▸ **What the task requires**
Check each line of the data, and copy those where "Used" appears.

------------------------------------------------------------

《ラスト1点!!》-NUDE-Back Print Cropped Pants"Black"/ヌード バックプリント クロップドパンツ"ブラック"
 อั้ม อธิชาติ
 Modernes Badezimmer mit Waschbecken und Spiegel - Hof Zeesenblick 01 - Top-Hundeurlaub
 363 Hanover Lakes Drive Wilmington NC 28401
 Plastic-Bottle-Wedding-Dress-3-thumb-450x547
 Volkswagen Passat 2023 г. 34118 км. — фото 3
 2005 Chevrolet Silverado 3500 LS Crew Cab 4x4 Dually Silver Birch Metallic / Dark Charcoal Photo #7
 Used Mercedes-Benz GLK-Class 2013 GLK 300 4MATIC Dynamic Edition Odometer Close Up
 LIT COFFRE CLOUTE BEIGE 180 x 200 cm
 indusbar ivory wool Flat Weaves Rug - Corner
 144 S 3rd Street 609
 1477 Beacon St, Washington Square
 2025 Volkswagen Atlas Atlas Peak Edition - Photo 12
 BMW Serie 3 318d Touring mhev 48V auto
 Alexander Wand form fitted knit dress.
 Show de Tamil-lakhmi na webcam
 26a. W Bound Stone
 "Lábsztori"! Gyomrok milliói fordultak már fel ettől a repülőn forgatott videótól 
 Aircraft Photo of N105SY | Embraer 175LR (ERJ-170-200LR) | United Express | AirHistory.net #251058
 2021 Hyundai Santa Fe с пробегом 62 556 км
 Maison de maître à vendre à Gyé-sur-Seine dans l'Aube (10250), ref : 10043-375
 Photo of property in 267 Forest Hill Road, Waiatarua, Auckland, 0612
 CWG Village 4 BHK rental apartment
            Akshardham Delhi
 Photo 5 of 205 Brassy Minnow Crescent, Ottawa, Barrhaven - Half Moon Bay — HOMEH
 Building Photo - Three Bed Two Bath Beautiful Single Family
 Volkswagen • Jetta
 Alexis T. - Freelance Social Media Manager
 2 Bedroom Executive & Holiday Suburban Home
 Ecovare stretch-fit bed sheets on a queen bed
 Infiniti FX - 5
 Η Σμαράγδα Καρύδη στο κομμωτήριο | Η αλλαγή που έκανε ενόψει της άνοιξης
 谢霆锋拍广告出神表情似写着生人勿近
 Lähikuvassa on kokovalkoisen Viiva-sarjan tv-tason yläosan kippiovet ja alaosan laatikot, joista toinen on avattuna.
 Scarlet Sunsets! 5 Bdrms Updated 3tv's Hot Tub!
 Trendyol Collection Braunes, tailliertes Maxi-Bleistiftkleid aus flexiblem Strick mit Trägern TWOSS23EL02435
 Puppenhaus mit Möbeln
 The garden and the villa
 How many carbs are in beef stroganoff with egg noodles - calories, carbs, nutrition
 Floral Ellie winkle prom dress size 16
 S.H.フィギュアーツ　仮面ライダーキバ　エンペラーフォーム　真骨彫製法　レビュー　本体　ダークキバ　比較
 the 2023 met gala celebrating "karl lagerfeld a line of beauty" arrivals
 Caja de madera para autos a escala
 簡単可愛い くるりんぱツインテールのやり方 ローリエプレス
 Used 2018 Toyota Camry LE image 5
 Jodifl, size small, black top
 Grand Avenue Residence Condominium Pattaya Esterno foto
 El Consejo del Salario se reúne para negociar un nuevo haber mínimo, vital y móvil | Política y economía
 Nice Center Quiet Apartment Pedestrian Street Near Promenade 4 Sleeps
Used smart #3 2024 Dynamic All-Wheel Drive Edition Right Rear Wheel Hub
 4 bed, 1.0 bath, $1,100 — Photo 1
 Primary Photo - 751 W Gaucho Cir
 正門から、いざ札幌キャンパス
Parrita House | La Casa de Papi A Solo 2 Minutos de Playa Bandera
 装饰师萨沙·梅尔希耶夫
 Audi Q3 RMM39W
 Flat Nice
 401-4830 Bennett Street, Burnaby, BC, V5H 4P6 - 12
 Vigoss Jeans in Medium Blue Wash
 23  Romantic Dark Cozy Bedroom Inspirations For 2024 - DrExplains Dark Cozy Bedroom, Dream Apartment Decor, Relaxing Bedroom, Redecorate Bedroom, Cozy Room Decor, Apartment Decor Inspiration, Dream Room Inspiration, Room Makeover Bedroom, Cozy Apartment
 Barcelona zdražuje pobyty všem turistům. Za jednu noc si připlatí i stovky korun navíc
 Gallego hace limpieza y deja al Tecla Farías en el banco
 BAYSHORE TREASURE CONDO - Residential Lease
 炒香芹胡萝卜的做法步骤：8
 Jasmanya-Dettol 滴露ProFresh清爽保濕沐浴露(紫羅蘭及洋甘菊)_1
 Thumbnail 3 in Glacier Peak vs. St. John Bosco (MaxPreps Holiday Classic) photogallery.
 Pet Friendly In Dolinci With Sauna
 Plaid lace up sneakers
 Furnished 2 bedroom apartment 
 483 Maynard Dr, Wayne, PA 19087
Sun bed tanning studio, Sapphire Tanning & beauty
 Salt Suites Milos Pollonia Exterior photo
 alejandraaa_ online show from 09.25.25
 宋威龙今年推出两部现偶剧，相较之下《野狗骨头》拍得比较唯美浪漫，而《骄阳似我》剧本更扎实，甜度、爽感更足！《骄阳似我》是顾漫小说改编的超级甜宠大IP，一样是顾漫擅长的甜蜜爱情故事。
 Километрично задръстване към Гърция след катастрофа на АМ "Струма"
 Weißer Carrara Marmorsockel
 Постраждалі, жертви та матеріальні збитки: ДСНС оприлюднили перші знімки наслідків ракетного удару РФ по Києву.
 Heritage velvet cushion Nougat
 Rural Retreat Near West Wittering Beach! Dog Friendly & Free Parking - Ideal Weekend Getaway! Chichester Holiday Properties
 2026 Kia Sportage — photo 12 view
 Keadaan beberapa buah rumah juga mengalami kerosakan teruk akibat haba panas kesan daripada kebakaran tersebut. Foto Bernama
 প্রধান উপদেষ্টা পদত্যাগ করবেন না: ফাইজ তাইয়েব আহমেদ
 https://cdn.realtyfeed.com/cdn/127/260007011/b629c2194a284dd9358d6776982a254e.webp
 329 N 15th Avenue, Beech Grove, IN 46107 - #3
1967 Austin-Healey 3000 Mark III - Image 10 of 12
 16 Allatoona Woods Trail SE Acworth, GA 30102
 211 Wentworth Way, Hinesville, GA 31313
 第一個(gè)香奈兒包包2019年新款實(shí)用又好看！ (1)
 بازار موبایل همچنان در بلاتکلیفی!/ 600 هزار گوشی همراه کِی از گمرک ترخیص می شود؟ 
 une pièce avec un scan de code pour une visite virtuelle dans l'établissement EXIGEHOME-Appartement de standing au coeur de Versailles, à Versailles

------------------------------------------------------------

▸ **Solution to the problem**
 Used Mercedes-Benz GLK-Class 2013 GLK 300 4MATIC Dynamic Edition Odometer Close Up
 Used 2018 Toyota Camry LE image 5
Used smart #3 2024 Dynamic All-Wheel Drive Edition Right Rear Wheel Hub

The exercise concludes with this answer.